We define the current similarly also at edges incident with u and w. If we label the edges as \(e_1, \dots , e_l\) we have a vector \({\varvec{j}}\in {\mathbb {R}}^{|E|}\) which has components \({\varvec{j}}_k = j(e_k)\). By construction and by (3.8) \({\varvec{j}}\) satisfies the so-called Kirchhoff’s current law, which means that at every vertex the current flowing in equals the current flowing out. We may write this simply as (see [15])

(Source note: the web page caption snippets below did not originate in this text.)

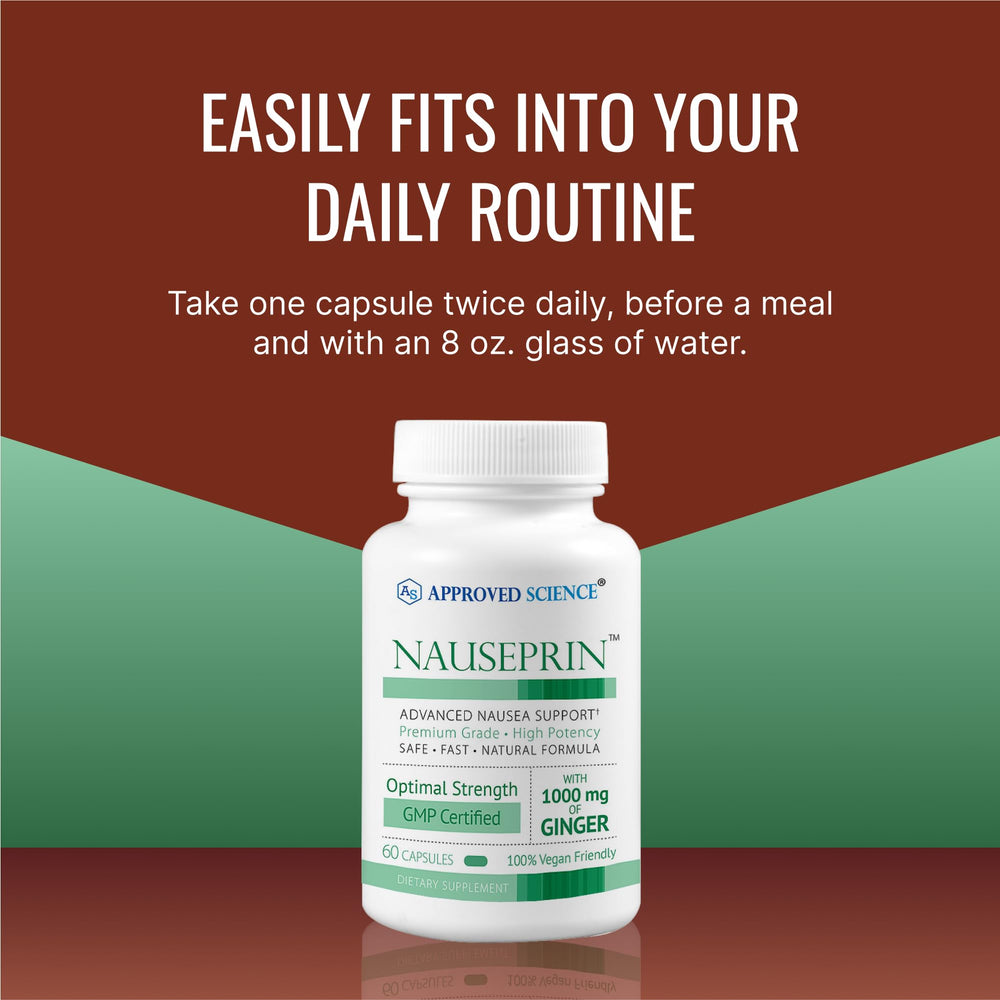 Approved Science Nauseprin vegan capsules under bright light signaling Non-GMO formula.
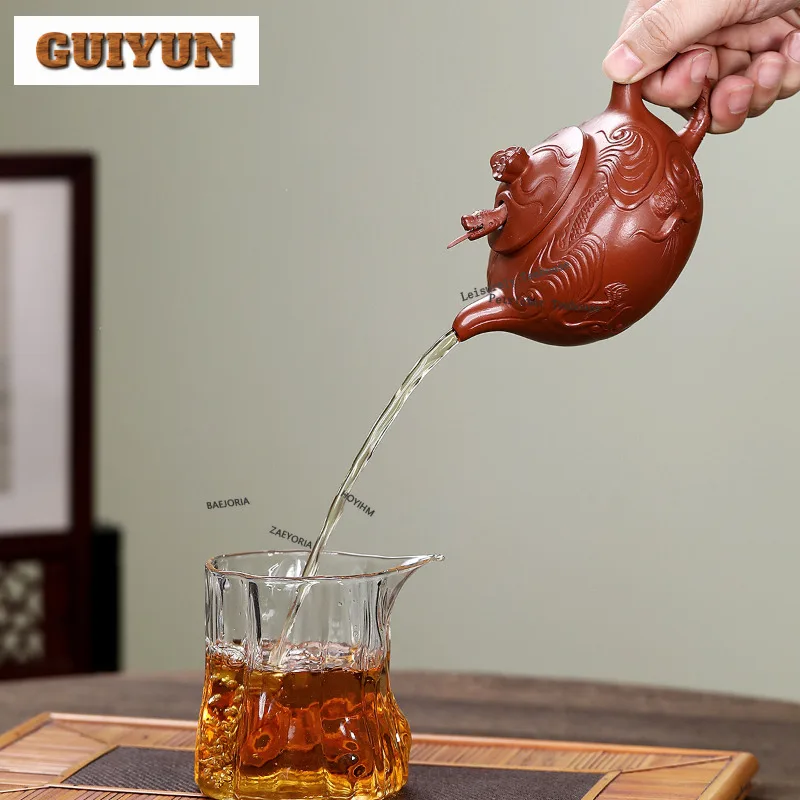 280ml High-end Yixing Purple Clay Teapots Handmade Cloud Dragon Pot Raw Ore Zhu Mud Kettle With Strainer Zisha Tea Set Craft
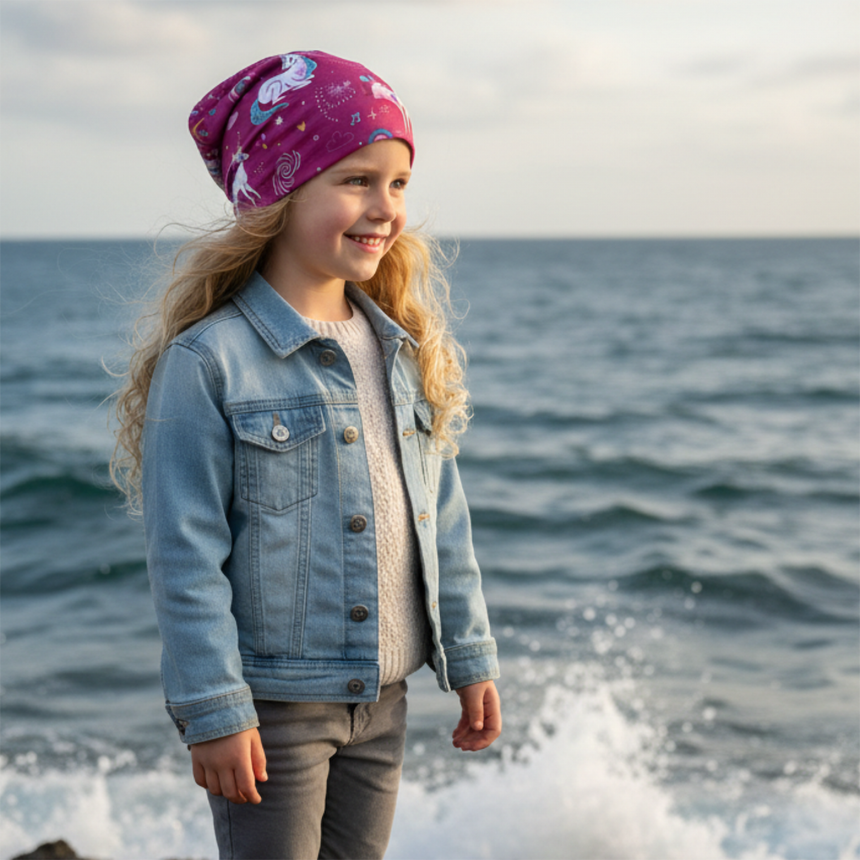 Mädchen am Meer trägt Wollhuhn Öko Long Beanie, pink mit Einhörnern, locker fallend, ideal für Übergangswetter, handgemacht, zweilagig für vielseitigen Look.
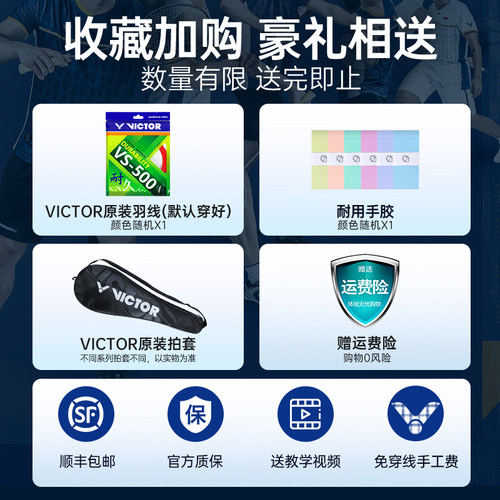 正品victor胜利羽毛球拍纳米SN7威克多小鬼斩进攻拍小隼HAWK PRO - 图2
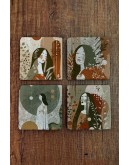 Modern Tasarım Kadın Temalı Doğal Taş Bardak Altlığı - Stone Coasters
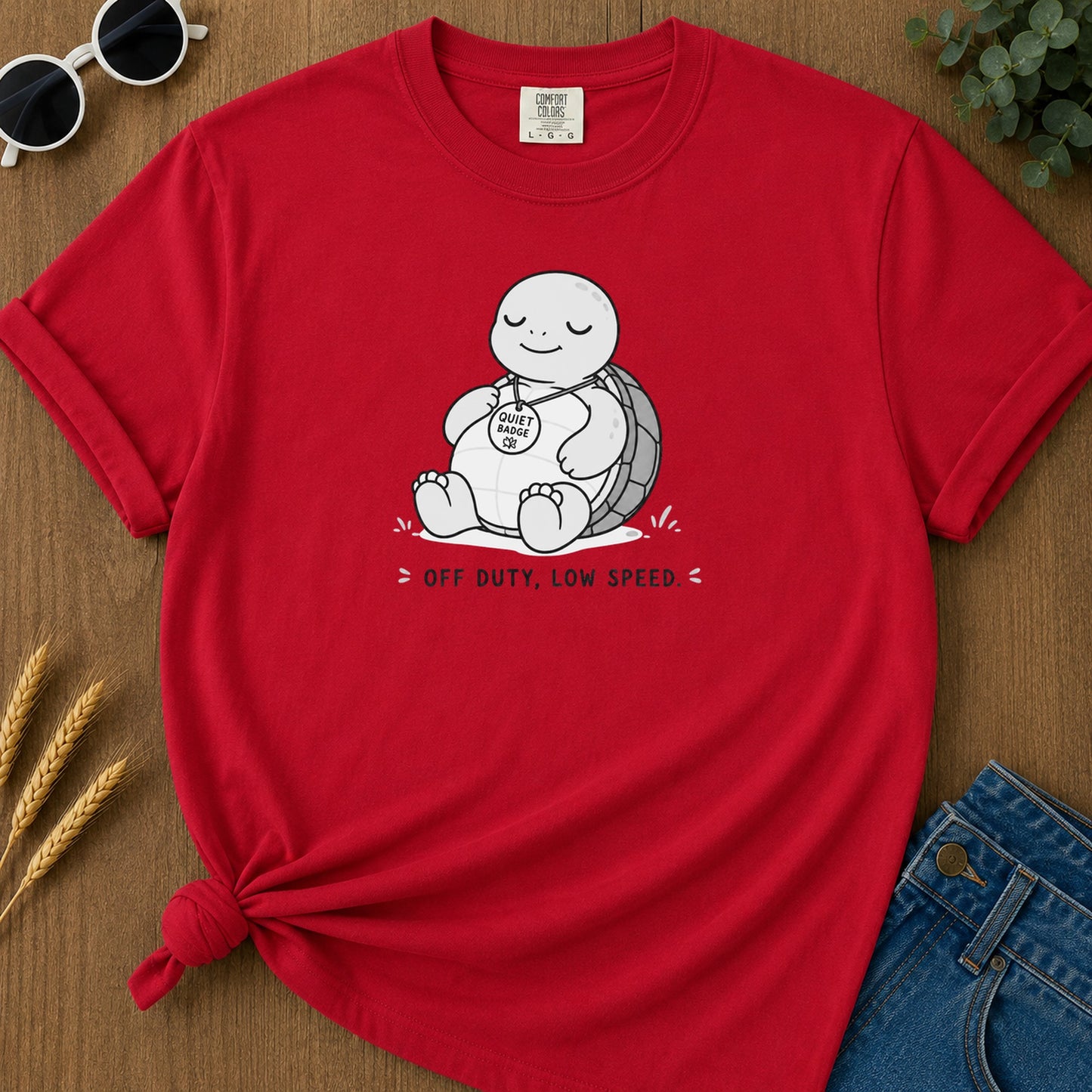 Quiet Turtle 319 T-Shirt - Red Mockup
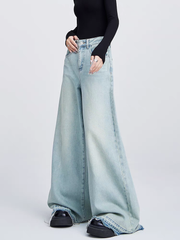 christmas outfit JazzHer Women's Light Blue Y2k Baggy Jeans Harajuku Oversize Denim Trousers Japanese 2000s Style Jean Pants Vintage Trashy Clothes 2025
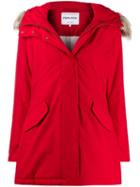 Woolrich Zipped Waterproof Raincoat - Red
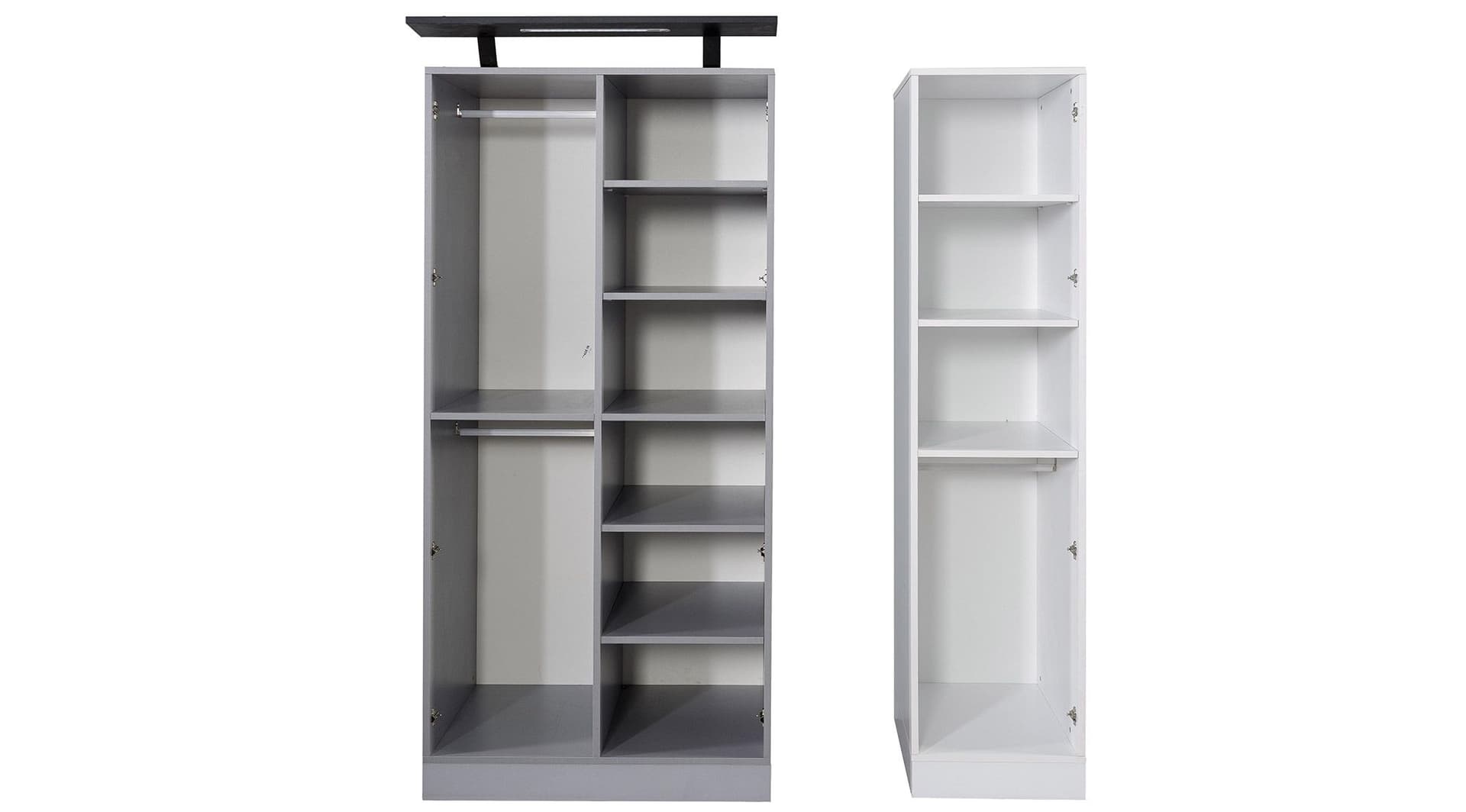 Police Modern Gri Beyaz 2 Kapılı Dolap - Image 3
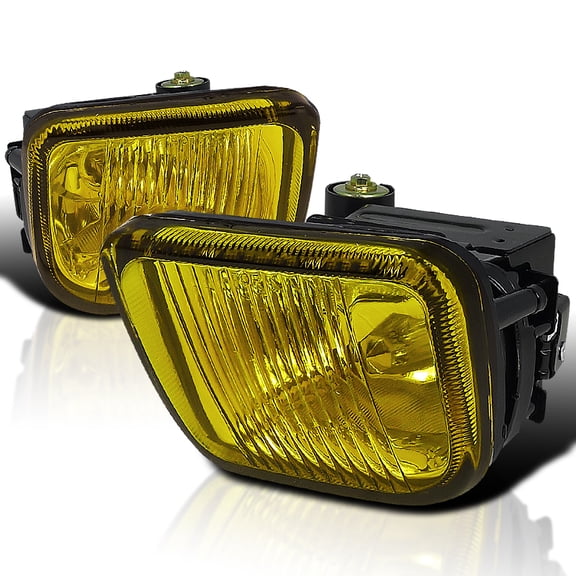 Spec-D Tuning Yellow Bumper Driving Fog Lights + Bulbs + Switch Included Compatible with 1996-1998 Honda Civic EK Left + Right Pair Assembly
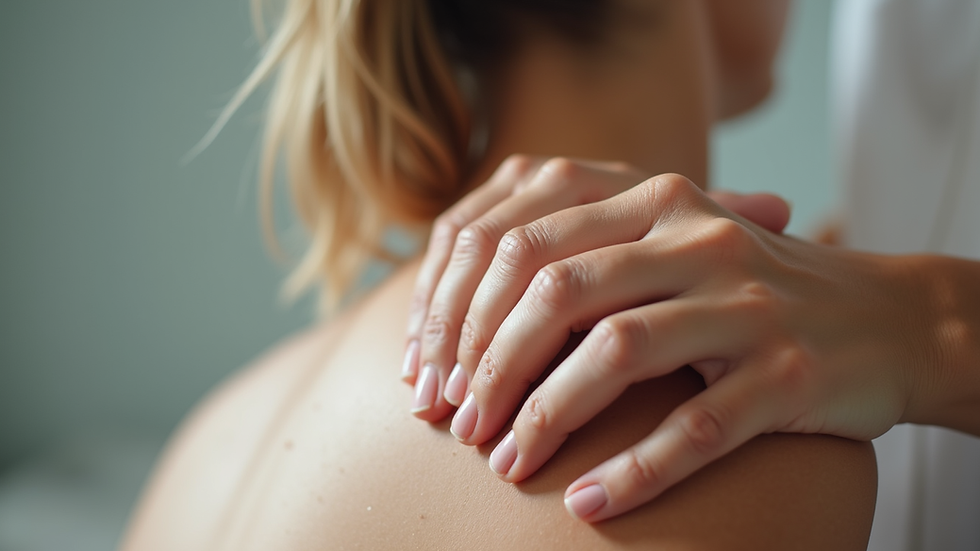 Nahaufnahme einer Lymphdrainage Behandlung am Bein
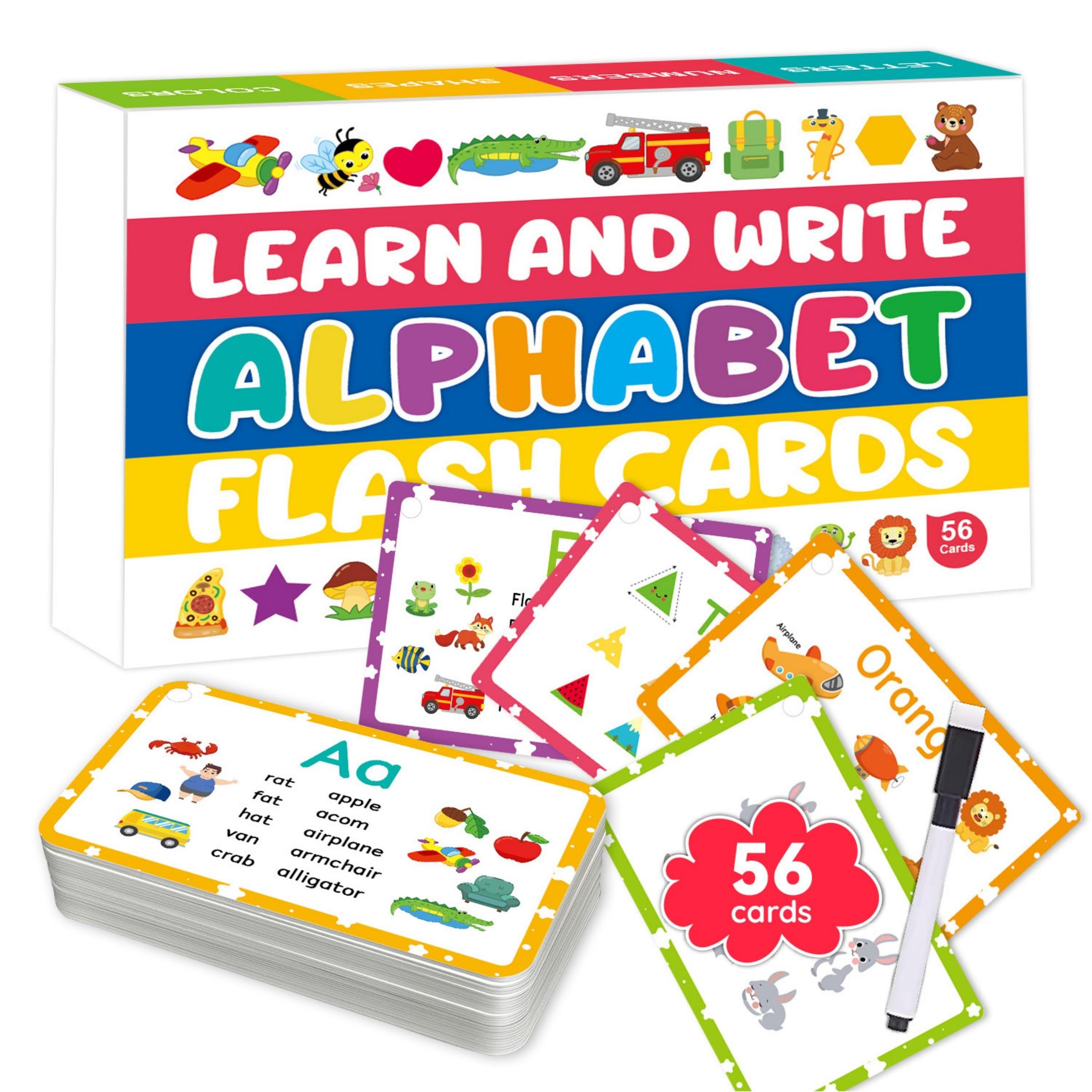 Early Learning Alphabet & Numbers Flashcards, Reusable Waterproof Whiteboard Pen Set, Ideal for Kids' Home & Classroom Education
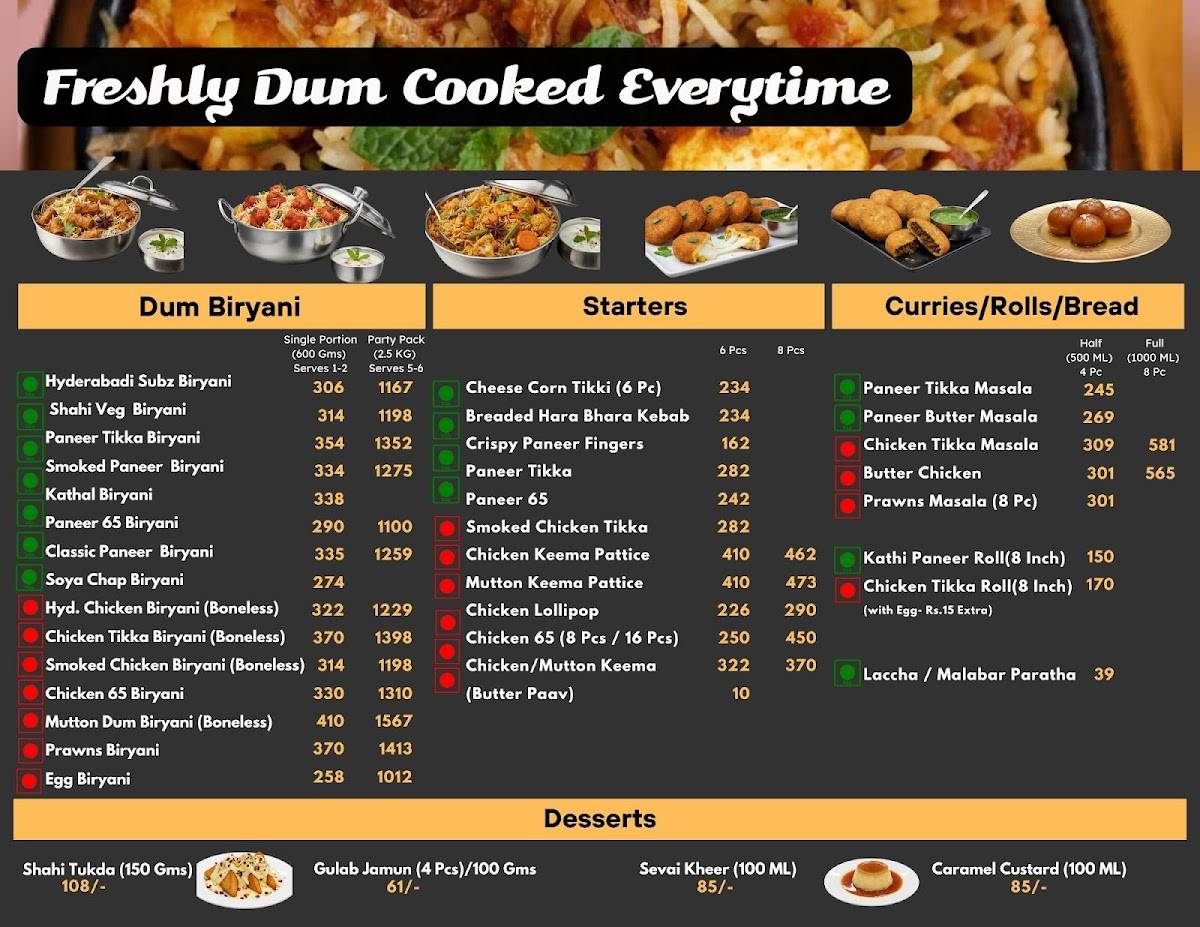 Biryani & Me menu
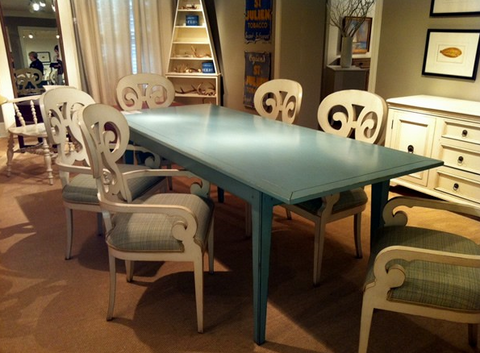 Nantucket Farmhouse Table in Cotton Candy/ Retail $3834.00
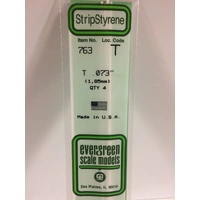 Evergreen White Polystyrene T Profile 0.073 x 0.073 x 14" 0.024 Thick / 1.9mm x 1.9mm x 36cm (4)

$$\begin{aligned} D {\varvec{j}} = {\varvec{\delta }}_1 - {\varvec{\delta }}_m \end{aligned}$$

where we have labeled the vertices as \(v_1, \dots , v_m\) with \(v_1 = u\) and \(v_m = w\), and \({\varvec{\delta }}_1\) and \( {\varvec{\delta }}_m\) are as in Lemma 2.3.

3.3 Technical lemmas

Before we prove the main theorem we recall the following lemma from Avelin et al. [1].

Lemma 3.3

Let F be admissible. Let \(x_u,x_w\) be as in Definition 1.4 and assume that communication height from Definition 1.4 is zero, i.e., \(F(x_u;x_w) = 0\). If \({\hat{U}}_v\) is a component of \(U_{-\delta /2} = \{ F < -\delta /2\}\), then

$$\begin{aligned} \underset{{\hat{U}}_v}{{\text {osc}}\,} h_{B_\varepsilon (x_u),B_\varepsilon (x_w)} \le C e^{-\frac{3\delta }{16 \varepsilon }} , \end{aligned}$$

for small enough \(\varepsilon \le \varepsilon _0\).

Proof

The proof is almost the same as in [1, Lemma 3.5], but we repeat it for the reader’s convenience. Let us denote \(u:= h_{B_\varepsilon (x_u),B_\varepsilon (x_w)}\) for short.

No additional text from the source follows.